▶ **Problem description**: Using the data that follows, return exactly the lines from the one that contains "晨跑服女速干衣2025新款秋季跑步健身服短袖显瘦户外登山运动套装" through the one that contains "グレージグザグレイ、グレーシェブロン、紫、あなたの名前 エスプレッソカップ (裏面)", ends included.

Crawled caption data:
#####

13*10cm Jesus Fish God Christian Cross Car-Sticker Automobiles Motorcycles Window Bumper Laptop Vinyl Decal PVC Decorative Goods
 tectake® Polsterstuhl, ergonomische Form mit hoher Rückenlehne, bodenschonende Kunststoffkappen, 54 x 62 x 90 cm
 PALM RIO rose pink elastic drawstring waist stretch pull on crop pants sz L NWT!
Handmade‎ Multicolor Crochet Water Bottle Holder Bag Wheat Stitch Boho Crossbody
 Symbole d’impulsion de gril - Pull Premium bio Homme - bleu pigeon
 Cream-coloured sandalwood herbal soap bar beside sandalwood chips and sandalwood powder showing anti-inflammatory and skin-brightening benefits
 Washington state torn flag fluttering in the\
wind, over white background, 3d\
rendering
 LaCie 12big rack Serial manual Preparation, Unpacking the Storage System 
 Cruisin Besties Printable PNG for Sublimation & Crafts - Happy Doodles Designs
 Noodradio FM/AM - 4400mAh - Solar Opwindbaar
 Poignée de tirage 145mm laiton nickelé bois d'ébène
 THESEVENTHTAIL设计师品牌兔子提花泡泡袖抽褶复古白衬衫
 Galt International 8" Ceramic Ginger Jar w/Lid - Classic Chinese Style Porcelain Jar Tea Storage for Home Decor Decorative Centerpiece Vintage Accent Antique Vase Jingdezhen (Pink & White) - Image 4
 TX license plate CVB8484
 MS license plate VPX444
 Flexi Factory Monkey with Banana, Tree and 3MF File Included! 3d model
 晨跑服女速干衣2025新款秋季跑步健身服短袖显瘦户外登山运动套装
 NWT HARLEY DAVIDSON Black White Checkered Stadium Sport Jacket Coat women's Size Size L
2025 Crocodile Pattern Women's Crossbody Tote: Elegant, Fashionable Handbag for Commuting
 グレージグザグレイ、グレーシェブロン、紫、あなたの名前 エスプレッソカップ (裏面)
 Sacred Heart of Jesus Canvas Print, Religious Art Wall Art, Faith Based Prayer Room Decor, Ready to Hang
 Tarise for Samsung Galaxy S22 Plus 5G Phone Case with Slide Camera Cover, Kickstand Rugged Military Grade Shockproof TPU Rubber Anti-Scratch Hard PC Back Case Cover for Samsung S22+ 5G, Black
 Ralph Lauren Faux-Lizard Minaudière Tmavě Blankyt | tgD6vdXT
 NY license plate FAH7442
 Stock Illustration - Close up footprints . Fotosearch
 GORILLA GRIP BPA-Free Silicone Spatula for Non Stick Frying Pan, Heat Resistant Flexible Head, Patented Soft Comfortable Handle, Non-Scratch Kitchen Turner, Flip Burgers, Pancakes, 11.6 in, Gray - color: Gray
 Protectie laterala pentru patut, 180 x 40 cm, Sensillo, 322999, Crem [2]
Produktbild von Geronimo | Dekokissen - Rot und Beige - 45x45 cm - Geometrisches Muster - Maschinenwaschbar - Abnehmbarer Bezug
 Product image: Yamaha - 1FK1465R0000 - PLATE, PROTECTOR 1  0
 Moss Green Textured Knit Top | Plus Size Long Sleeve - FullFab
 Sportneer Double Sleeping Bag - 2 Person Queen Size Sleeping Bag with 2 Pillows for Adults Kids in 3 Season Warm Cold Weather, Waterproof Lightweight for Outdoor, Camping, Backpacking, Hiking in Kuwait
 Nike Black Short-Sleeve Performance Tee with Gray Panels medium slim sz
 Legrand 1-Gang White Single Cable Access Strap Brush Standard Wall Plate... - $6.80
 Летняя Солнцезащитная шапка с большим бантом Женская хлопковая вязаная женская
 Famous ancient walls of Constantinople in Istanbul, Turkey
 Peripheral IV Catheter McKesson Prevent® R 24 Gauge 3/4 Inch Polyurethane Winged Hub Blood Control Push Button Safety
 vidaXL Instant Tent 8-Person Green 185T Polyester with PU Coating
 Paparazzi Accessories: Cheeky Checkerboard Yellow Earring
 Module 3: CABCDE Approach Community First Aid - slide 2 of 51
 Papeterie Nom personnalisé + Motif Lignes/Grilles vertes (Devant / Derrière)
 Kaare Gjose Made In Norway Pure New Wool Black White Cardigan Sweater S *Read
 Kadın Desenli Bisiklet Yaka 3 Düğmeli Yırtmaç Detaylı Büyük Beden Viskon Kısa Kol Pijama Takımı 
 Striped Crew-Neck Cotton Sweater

#####

▶ **Answer area**:
 晨跑服女速干衣2025新款秋季跑步健身服短袖显瘦户外登山运动套装
 NWT HARLEY DAVIDSON Black White Checkered Stadium Sport Jacket Coat women's Size Size L
2025 Crocodile Pattern Women's Crossbody Tote: Elegant, Fashionable Handbag for Commuting
 グレージグザグレイ、グレーシェブロン、紫、あなたの名前 エスプレッソカップ (裏面)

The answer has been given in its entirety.